Saturday, August 29, 2009

Like the Big Fights? Thank Floyd Mayweather, Jr.

When Floyd Mayweather, Jr. walked away from the sport of boxing in June of 2008 he did so while at the top of his game. He was the universally recognized number one pound-for-pound boxer on the planet. He was (and still is) undefeated with a record of 39-0, 25 KOs. He had won titles in five separate weight divisions and was number one at the box office. His May 2007 fight against Oscar De La Hoya shattered all of boxing's established pay-per-view records. His bout against Ricky Hatton later that year grossed millions here and in the United Kingdom.

At age 30, Floyd Mayweather, Jr. went out on top as the King of boxing. And now he's ready to return, “ reclaim my throne” he wrote on his Twitter page yesterday.

In the short time that Mayweather was away, several big fights came together involving Manny Pacquiao, Oscar De La Hoya, Ricky Hatton, Miguel Cotto, Shane Mosley and Antonio Margarito. All those fighters engaged in high-profile, money-making fights that allowed them to move up in the pound-for-pound rankings, win titles, and occupy the slots that Floyd once did.

Now that he is 22 days away from facing Juan Manuel Marquez in Las Vegas, Mayweather and his team feel that those fighters should be thanking him for those fights and that it was because of his absence that they were able to flourish.

“When Floyd decided to retire, that is how the other guys came into prominence,” explains Leonard Ellerbe, the CEO of Mayweather's business affairs. “They need to be thanking Floyd because he's the one that made the opportunities for them to make their money. De La Hoya – Pacquiao would never have happened if Floyd didn't retire. The Pacquiao fight would never have happened for Ricky Hatton. But Floyd didn't mind, he was stepping down. But they should be thanking him for giving them the opportunity because he had them all boxed out.”

Would Ricky Hatton and Manny Pacquiao have had their success if Mayweather had still been in the picture?
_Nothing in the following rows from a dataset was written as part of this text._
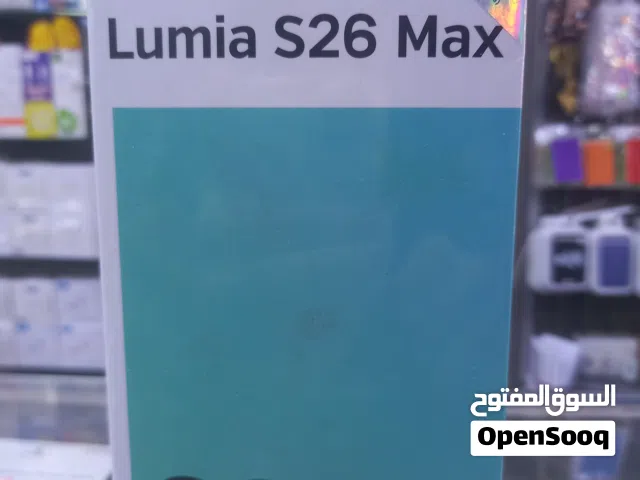 Others Not Defined 64 GB in Zarqa
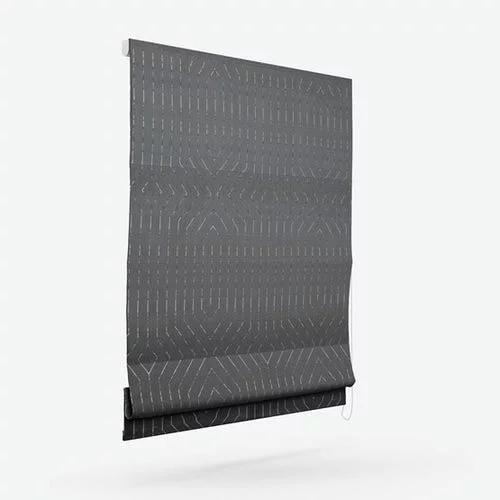https://postmyblinds.co.uk/hub/blinds/roman-blind/freesta-anthracite-roman-blind-3.webp
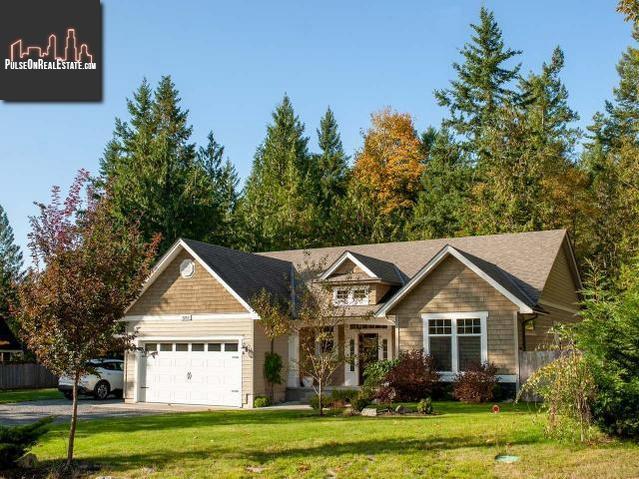 Property 3265 Butler Road main img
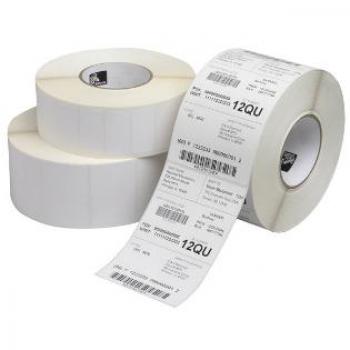 Zebra Rotolo Etichetta Z-Perform 1000T 31,75x57,15 mm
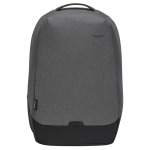 119cd22376d526a5895c96551170adc9 Ranac za Laptop 15.6 Targus TBB58802GL Cypress Eco Security/sivi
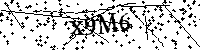 Inserire le lettere e i numeri qui sotto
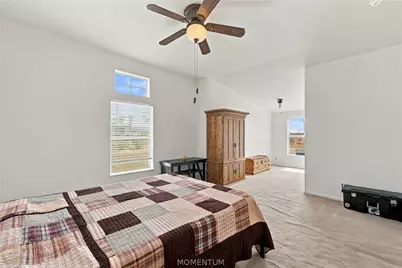 2255 E Camp Mohave Road, Fort Mohave, AZ 86426 - Photo 24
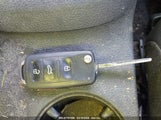 VOLKSWAGEN JETTA 1.8T SE 3VWD17AJ9EM360349 photo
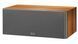 Центральний канал HECO Metas XT Center 31 Walnut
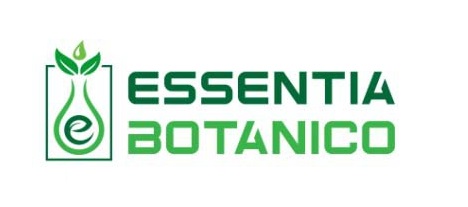 Essentia Botanico Device mark 5648868 Trademark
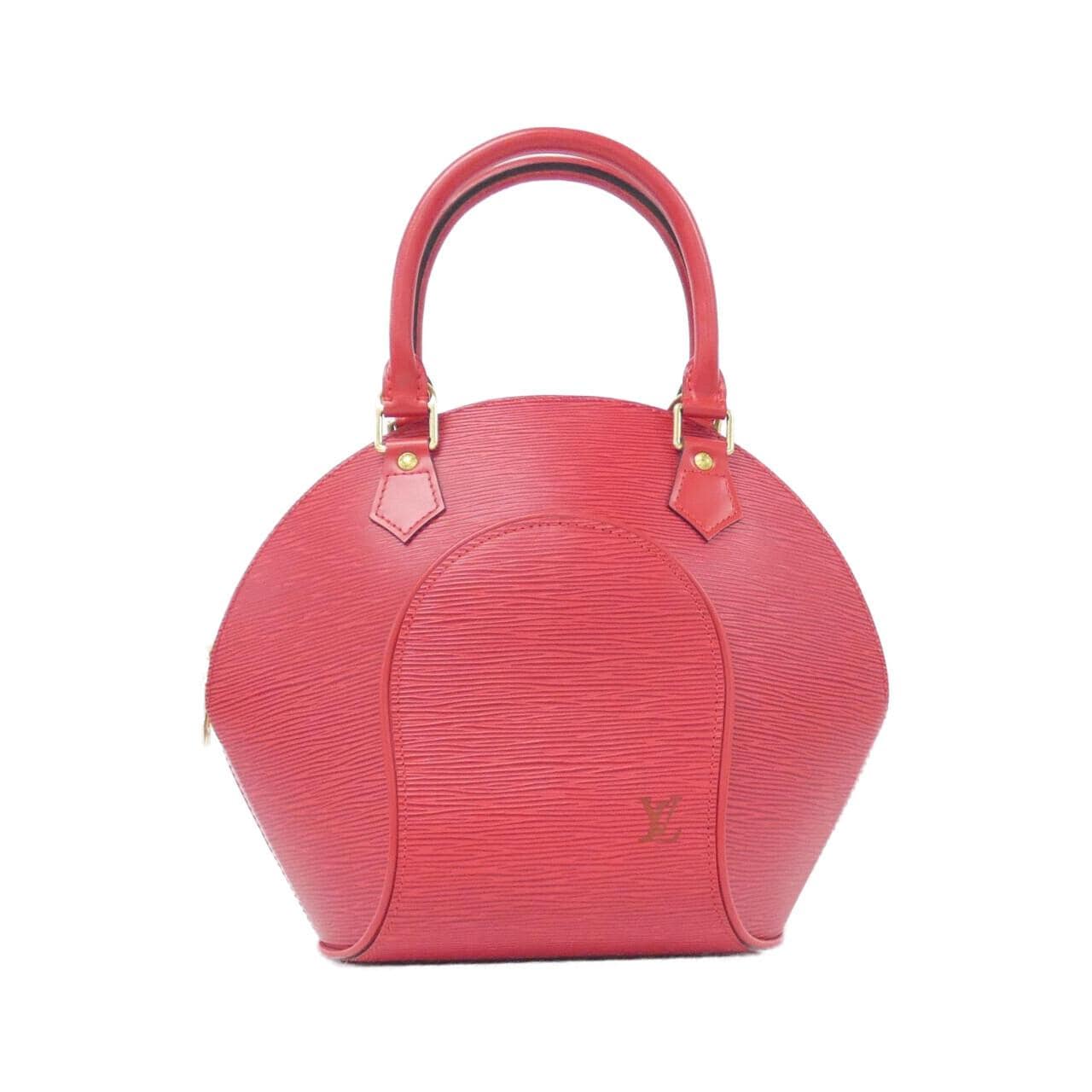 ルイヴィトン エピ エリプス PM バッグ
It's an interesting theory and there may be some truth to it. I'm not saying I necessarily agree with it, but one has to think that if Mayweather hadn't retired, that the boxing landscape would look much different than it does today.
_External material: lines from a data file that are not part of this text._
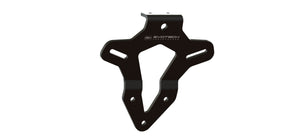 Evotech Tail Tidy - Ducati DesertX V2 (2026+)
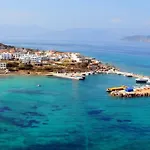 A View Home _ Agkistri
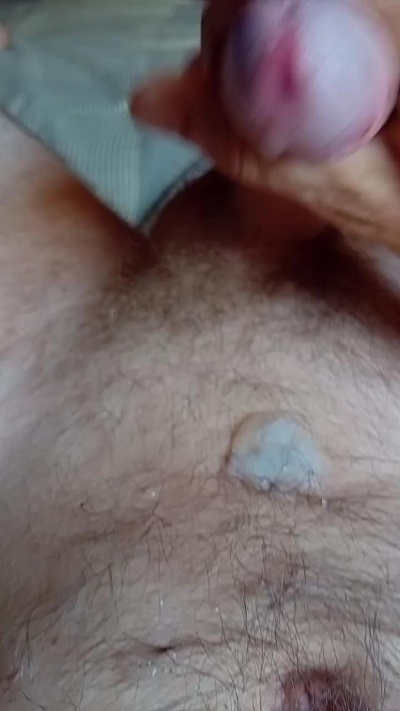 namur6 live cam on Cam4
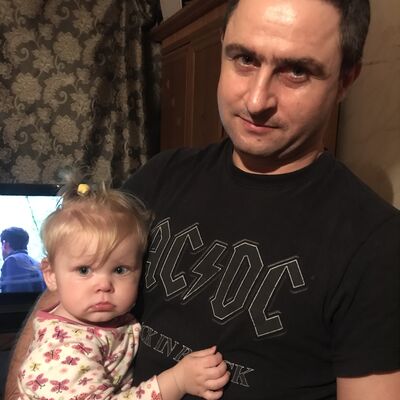  ,   Serghei, 42 ,     , c 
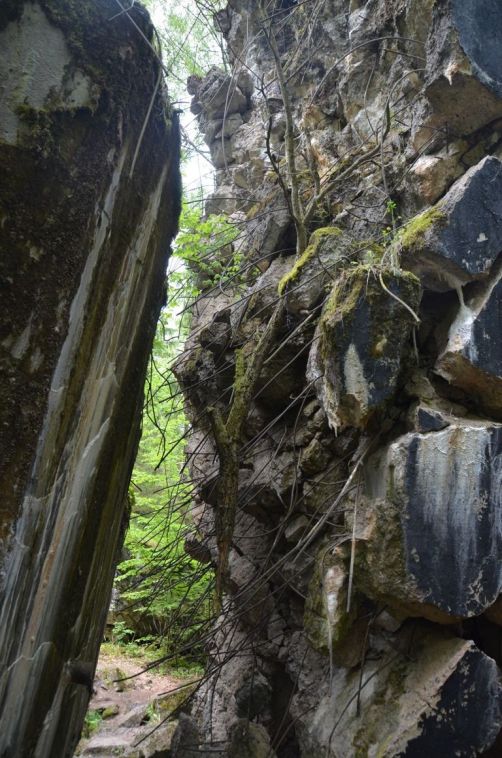 pologne-mazurie (330)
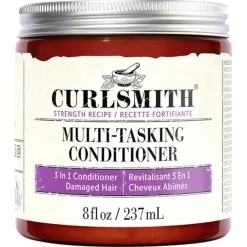 Conditioners Multitasking Conditioner von Curlsmith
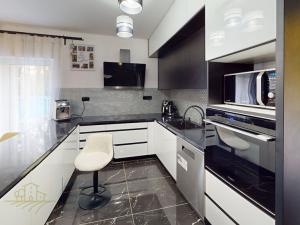 Prodej rodinného domu, Semily - Bítouchov, 90 m2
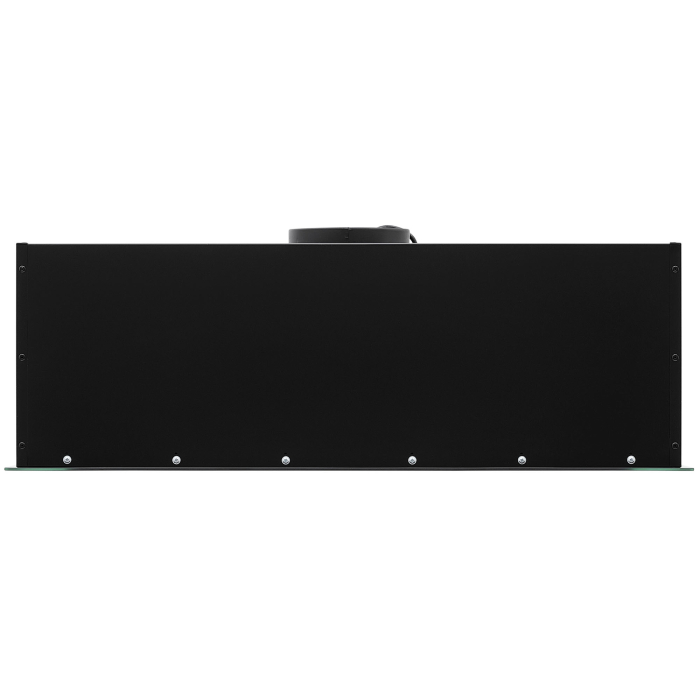 Вытяжки, Вытяжка кухонная KRONA ARVEN 900 BLACK S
“The press tries to downplay all of what Floyd did,” says Ellerbe. “Some of them are just idiots out there and they want to talk about another guy – another fighter – I don't even want to use his name. But we just deal with the facts and it's not a popularity contest.
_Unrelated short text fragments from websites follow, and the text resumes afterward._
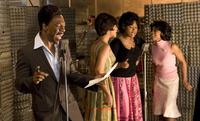Dreamgirls - 8 x 10 Color Photo #12
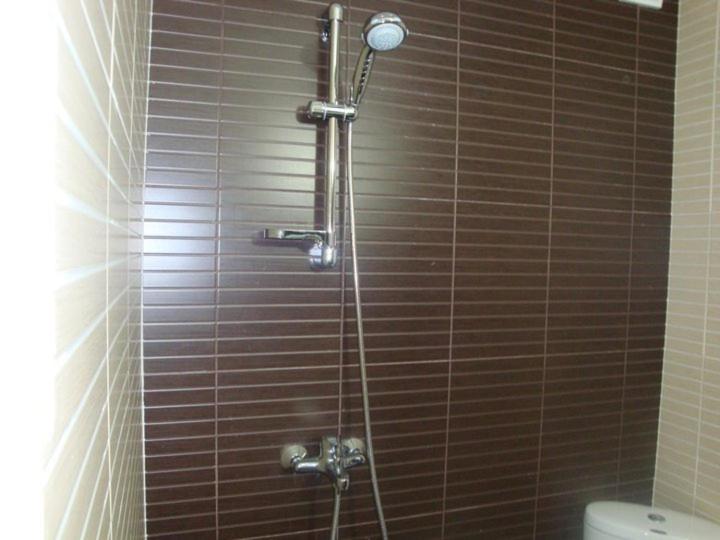 침실 1개 발코니 아파트, Tzvetelina Palace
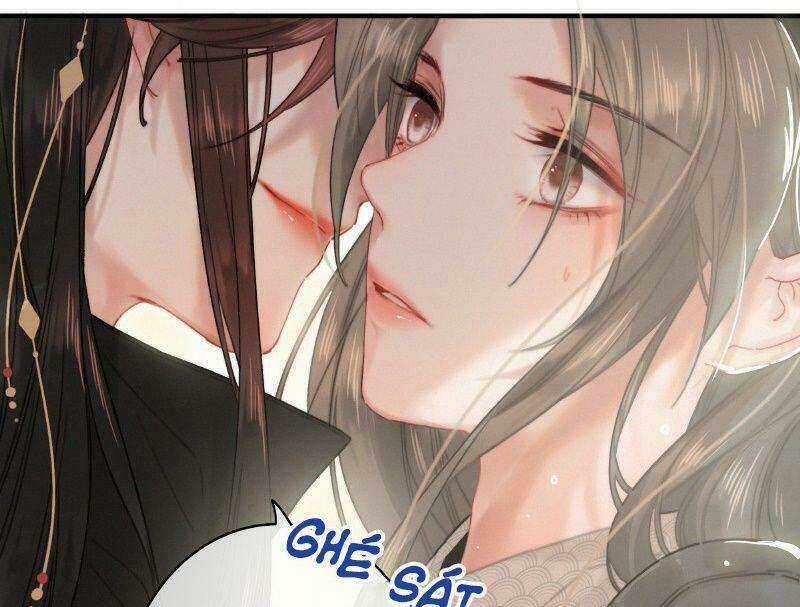 Đề Đốc Tự Ta Tu Dưỡng - Chapter 16 - Trang 9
“The facts are the revenue. Floyd's the first fighter ever to generate a quarter-billion dollars in revenue in one year. The two fights with De La Hoya and Hatton did that and that has never, ever been done before. In their last two fights they fought the same two opponents. Floyd generated twice as much revenue as the other guy did - and that’s a fact. That’s not me saying it, it’s a fact. HBO will confirm that remark and Mark Taffet (Senior VP Sports Operations & PPV) will confirm that Floyd is the first athlete ever to do that.”

While Mayweather's monetary success is indisputable, there isn't too much one can argue about when it comes to Mayweather's record in the ring, either. A certain segment of hardcore boxing fans often try to argue that Mayweather hasn't fought the toughest available competition. They believe that Mayweather has avoided Margarito, Cotto and Mosley and that he would never fight Paul Williams.

But Ellerbe counters those arguments by reiterating what Floyd told him when he decided to return to the fight game.

“When Floyd told me he was coming back he said, 'I want to fight in the biggest fights out there and we’ll line them up one-by-one and knock 'em down.'”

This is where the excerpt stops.